Privacy may well be another of the casualties of this war. The Executive Order adds that “[a]gencies shall consider the assessments and recommendations of the report in implementing privacy and civil liberties protections for agency activities,” but asks for little more than an annual report. In contrast, corporate reporting is singled out. “Information submitted voluntarily in accordance with 6 U.S.C. 133 by private entities under this order shall be protected from disclosure to the fullest extent permitted by law.” This has been the case with the Patriot Act and the President’s policies give little comfort.
Confidentiality, rather than privacy, is part of the new regime. Paul Rosenzweig, writing the Lawfare blog from Brookings highlights the importance of the short-list: a subset of critical infrastructure organizations within the identified industry which make up the heart of each industry and will be singled out for heightened cybersecurity engagement.

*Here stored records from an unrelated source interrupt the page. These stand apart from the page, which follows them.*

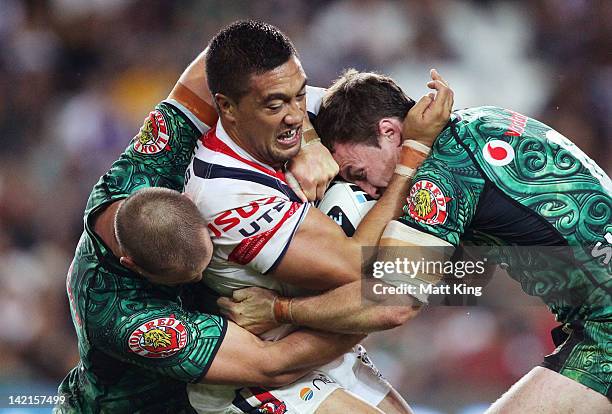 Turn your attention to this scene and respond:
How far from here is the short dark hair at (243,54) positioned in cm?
318

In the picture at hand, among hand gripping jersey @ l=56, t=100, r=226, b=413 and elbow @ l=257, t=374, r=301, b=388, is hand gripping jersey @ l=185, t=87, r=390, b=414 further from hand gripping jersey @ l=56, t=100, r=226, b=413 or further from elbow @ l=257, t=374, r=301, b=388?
hand gripping jersey @ l=56, t=100, r=226, b=413

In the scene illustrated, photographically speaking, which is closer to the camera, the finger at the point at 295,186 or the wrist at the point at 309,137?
the finger at the point at 295,186

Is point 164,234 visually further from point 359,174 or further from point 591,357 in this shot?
point 591,357

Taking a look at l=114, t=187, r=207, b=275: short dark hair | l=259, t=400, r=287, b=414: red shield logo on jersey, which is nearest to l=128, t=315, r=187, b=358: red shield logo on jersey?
l=114, t=187, r=207, b=275: short dark hair

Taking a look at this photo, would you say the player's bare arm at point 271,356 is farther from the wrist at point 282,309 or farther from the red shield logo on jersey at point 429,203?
the red shield logo on jersey at point 429,203

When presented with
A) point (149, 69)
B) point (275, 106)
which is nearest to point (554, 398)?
point (275, 106)

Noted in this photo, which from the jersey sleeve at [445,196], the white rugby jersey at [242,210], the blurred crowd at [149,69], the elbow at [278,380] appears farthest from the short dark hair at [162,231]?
the blurred crowd at [149,69]

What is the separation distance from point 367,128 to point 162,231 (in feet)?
2.84

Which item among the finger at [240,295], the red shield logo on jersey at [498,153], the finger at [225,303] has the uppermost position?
the red shield logo on jersey at [498,153]

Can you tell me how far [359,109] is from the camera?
3416 mm

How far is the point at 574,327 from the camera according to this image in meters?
3.29

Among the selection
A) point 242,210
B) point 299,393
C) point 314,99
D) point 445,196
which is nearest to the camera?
point 445,196

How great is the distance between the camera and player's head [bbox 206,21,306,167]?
3186mm

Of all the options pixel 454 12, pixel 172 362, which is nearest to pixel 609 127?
pixel 454 12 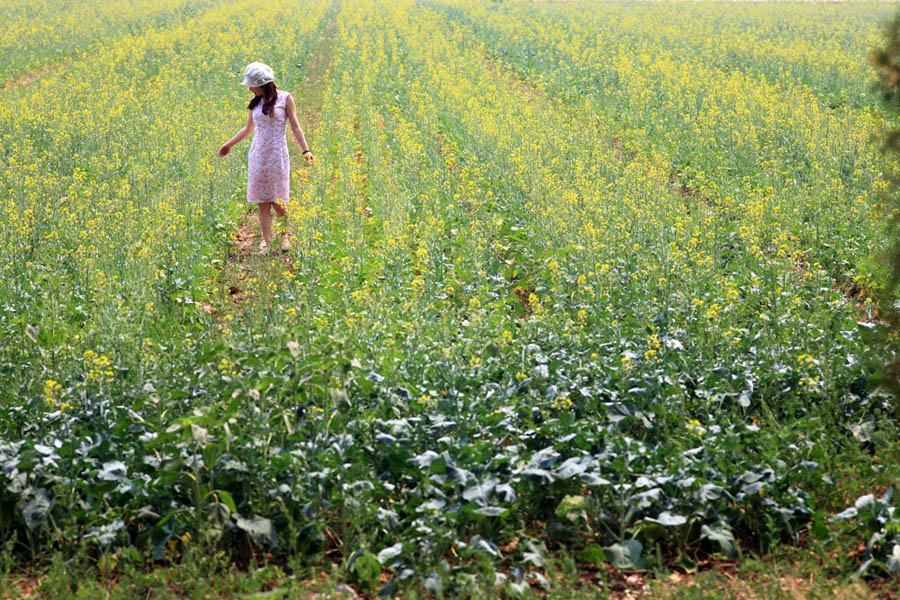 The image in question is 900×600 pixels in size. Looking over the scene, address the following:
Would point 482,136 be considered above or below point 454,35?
below

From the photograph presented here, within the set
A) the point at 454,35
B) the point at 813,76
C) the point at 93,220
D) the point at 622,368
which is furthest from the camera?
the point at 454,35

Confidential Identification – The EO has one true innovation in it – a confidential naming program that will identify the critical cyber infrastructure “where a cybersecurity incident could reasonably result in catastrophic regional or national effects on public health or safety, economic security, or national security.” This is a subset, of course, of the earlier broader definition.

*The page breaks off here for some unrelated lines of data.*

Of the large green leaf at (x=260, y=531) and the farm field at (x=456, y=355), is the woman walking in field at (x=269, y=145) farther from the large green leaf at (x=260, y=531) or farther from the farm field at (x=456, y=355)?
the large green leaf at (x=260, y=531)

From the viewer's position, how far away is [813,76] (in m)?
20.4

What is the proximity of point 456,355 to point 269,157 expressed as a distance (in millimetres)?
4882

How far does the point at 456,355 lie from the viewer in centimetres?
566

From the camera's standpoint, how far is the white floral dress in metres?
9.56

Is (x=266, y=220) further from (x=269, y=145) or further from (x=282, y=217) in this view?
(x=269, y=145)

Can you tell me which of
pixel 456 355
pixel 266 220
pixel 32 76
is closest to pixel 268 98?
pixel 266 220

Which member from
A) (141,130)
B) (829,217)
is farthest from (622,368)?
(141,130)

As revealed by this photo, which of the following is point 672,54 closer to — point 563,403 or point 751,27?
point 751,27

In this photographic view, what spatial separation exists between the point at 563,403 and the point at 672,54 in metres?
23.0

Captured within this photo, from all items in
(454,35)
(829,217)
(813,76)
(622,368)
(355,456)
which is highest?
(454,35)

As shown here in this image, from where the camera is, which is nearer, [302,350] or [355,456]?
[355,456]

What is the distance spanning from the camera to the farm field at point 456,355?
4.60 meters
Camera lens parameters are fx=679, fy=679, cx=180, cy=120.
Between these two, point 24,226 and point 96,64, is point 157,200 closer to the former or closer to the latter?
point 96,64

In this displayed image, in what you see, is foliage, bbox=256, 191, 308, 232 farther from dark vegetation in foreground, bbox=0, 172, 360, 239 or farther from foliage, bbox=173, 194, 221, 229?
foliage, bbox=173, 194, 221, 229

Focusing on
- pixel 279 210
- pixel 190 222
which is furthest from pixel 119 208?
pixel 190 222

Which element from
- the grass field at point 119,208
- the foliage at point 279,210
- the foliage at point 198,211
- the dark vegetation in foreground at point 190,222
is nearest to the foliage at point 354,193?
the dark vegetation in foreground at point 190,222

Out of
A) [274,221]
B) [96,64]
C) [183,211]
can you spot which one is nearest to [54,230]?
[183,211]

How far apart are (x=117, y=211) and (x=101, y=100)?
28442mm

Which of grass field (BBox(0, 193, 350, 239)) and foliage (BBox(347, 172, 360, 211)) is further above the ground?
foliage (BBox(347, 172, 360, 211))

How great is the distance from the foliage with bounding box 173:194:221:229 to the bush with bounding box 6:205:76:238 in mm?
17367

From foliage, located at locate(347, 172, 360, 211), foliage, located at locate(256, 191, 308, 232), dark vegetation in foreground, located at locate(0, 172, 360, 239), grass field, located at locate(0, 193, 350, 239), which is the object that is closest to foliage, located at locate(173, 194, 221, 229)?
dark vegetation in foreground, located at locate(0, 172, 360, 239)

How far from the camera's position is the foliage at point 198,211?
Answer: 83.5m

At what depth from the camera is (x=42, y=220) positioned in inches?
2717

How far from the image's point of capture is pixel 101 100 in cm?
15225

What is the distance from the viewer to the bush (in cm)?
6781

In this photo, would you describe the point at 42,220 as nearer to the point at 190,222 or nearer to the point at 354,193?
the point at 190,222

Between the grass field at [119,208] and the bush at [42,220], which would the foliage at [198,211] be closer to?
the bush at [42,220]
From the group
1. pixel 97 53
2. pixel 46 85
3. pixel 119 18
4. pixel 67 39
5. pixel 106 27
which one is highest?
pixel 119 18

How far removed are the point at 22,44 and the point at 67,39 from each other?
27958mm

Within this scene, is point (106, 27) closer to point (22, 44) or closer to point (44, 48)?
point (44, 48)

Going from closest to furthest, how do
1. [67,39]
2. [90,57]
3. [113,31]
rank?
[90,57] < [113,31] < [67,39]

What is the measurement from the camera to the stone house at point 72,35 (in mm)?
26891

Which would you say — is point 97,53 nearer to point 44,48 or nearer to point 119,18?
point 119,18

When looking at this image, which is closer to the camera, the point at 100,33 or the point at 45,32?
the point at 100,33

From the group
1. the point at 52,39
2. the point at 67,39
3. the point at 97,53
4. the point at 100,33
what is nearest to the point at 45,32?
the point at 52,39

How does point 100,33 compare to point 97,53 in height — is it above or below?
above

Being an identified company may bring greater security obligations or improved resources or no change at all. Only time will tell. The impact will vary tremendously depending of the existing preparedness of each company.
The National Intelligence Estimate on cybersecurity risk makes clear that the threat must be addressed.
The report, which represents the consensus view of the U.S. intelligence community, describes a wide range of sectors that have been the focus of hacking over the past five years, including energy, finance, information technology, aerospace and automotives, according to the individuals familiar with the report, who spoke on the condition of anonymity about the classified document.
The only question is the cost of the response. China, Russia, Iran, Israel, North Korea and other countries are known for releasing global cyber-attacks, some focused on military and political topics, while others highlight corporate espionage. Moreover, as I mentioned in an earlier post, the intruders use directed attacks on employees and independent contractors who open links, photos or already infected USB devices. Already behind firewalls, these tools install malignant code to glean passwords, open files and glean information which is sent back to the intruder. Some of these attacks are directly at U.S. infrastructure, others at economic targets, while many others affect U.S. interests only as collateral damage to regional conflicts which do not involve U.S. participants.
Nonetheless, the risks are increasing. After the President’s speech one thing is clear. Using the State of the Union as the basis for the announcement of the Cybersecurity Executive Order and Policy Directive has placed this topic near the top of the national agenda.